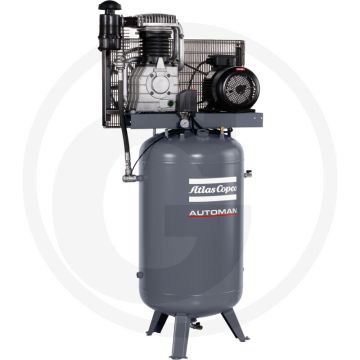 Atlas Copco Kolbenkompressor "AC 40-11 E 270 T V" - 514 l/min Aanzuigcapaciteit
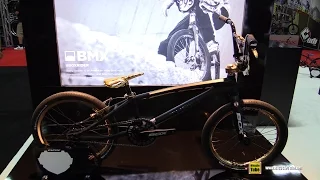 2017 Thrill Pro XXL Custom BMX Bike with Box One Components - Walkaround - 2016 Interbike Las Vegas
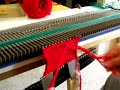 Back Stitch Bind Off Demo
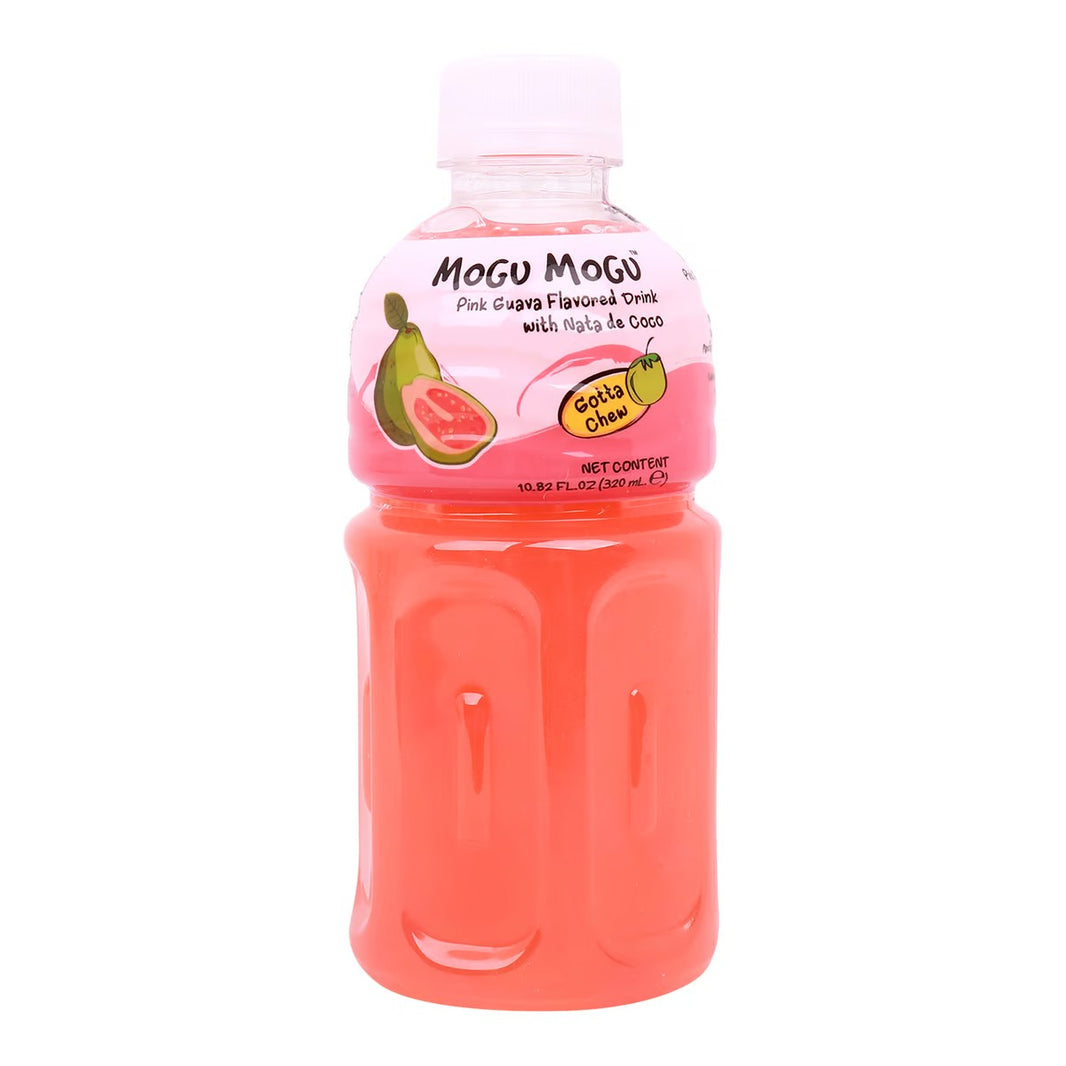 Mogu Mogu Guava With Nata De Coco, 320ml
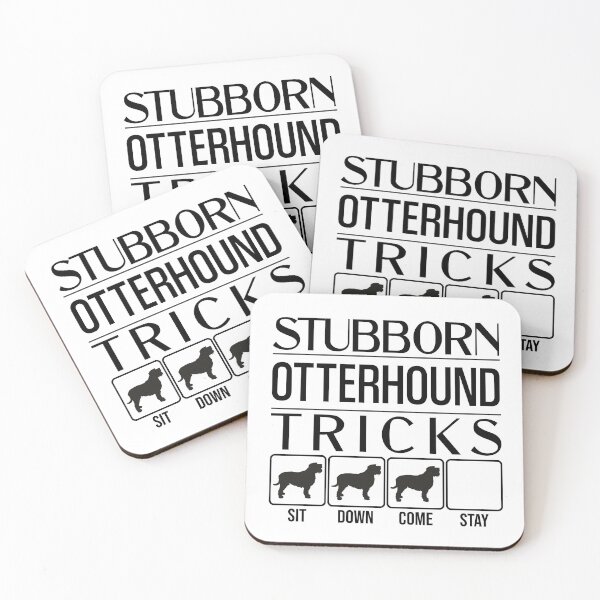 Item preview, Stubborn Otterhound Tricks / Stubborn Dog Tricks, Otterhound, funny gift idea designed and sold by HEJAshirts.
+---+
__The problem__
The listing is to be repeated word for word, with all pictures omitted.

__Your response__
 Atlas Copco Kolbenkompressor "AC 40-11 E 270 T V" - 514 l/min Aanzuigcapaciteit
 2017 Thrill Pro XXL Custom BMX Bike with Box One Components - Walkaround - 2016 Interbike Las Vegas
 Back Stitch Bind Off Demo
 Mogu Mogu Guava With Nata De Coco, 320ml
 Item preview, Stubborn Otterhound Tricks / Stubborn Dog Tricks, Otterhound, funny gift idea designed and sold by HEJAshirts.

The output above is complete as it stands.